The AI decided that two results were filtered and I only get two cartoons back…but they are as described (girl 1 has four hands though)
A lot more prompting of photo studio, real women, professional photograph, to get one image back from Bing…
It’s still not great at scene composition. The left girl is not rendered as “short.”
Might have to drop your individual characters into Photoshop for a final composition. The more words you input, just the more confusion is possible. A multi-line bullet-point list, brackets, or other semantics could group them, but then it is still like you say. I get my three anamatronic artists all wearing glasses.
Perhaps “full-body photograph” to avoid portraits also cues this lifeless style.
That’s better than most of my 3-person images come out, but that might be because I’m also trying to depict an action as well, allowing room for muddying the waters.
If I were able to just generate the characters in one prompt and, then, reference that exact image seed for it to use in generating an action in the next image generation, I wonder how good it would be at taking those same 3 characters and then depicting them in the action.

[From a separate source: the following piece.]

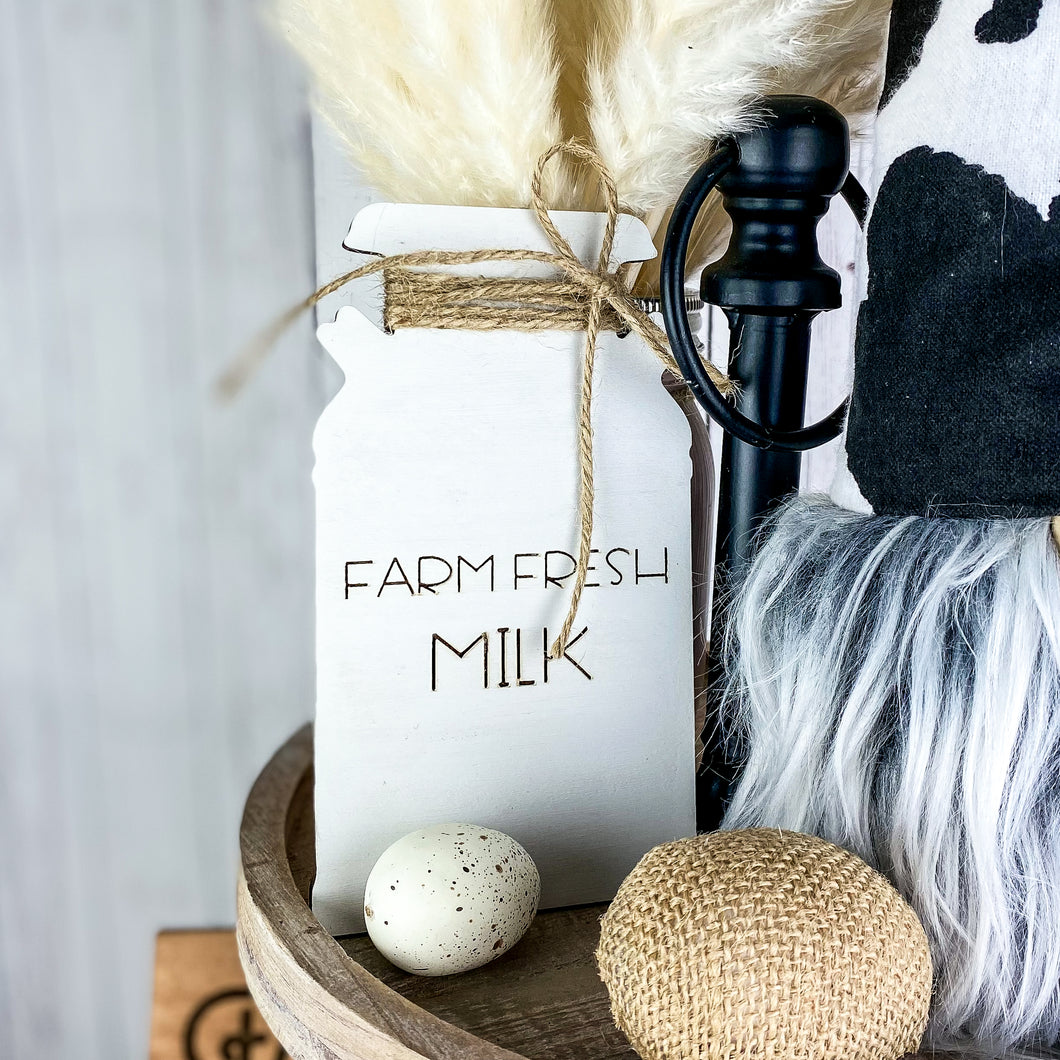 Farm Fresh Milk Sign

Alas, I can’t really get consistency in subsequent prompts without constantly re-explaining how the characters should look. Would be a game changer for, say, adding illustrations to each chapter of a book you’re writing.
I think this is so cool as is, yet there’s lots of possibly untapped territory.
I had a brainwave, but the results are worth the two cents paid - use the edits endpoint, and have the AI “extend image to include two more girls”.
It is sufficient to say that the API’s image engine is poor…
Yeah in general it’s diminishing returns once you get to more than about 2 characters. 3 characters leaves you with a conundrum where too much detail on each will get character traits muddled/combined, too little detail will give you something pretty generic and lifeless.
Out of curiosity I generated 3 characters who at least vaguely resembled my intent, and I then said “OK, now take the characters in image #3 and add a 4th character” and the most often result was one of the original 3 being discarded in favor of the new character (and the original characters still there of course look slightly different from the base image, although to be fair they were close).
I did get it to generate a decent looking 4-person band but only when I didn’t describe any individual member, I just asked for a 4-person rock band. In terms of specific depictions think 3 is probably the most it can “focus” on at one time but even that is a stretch.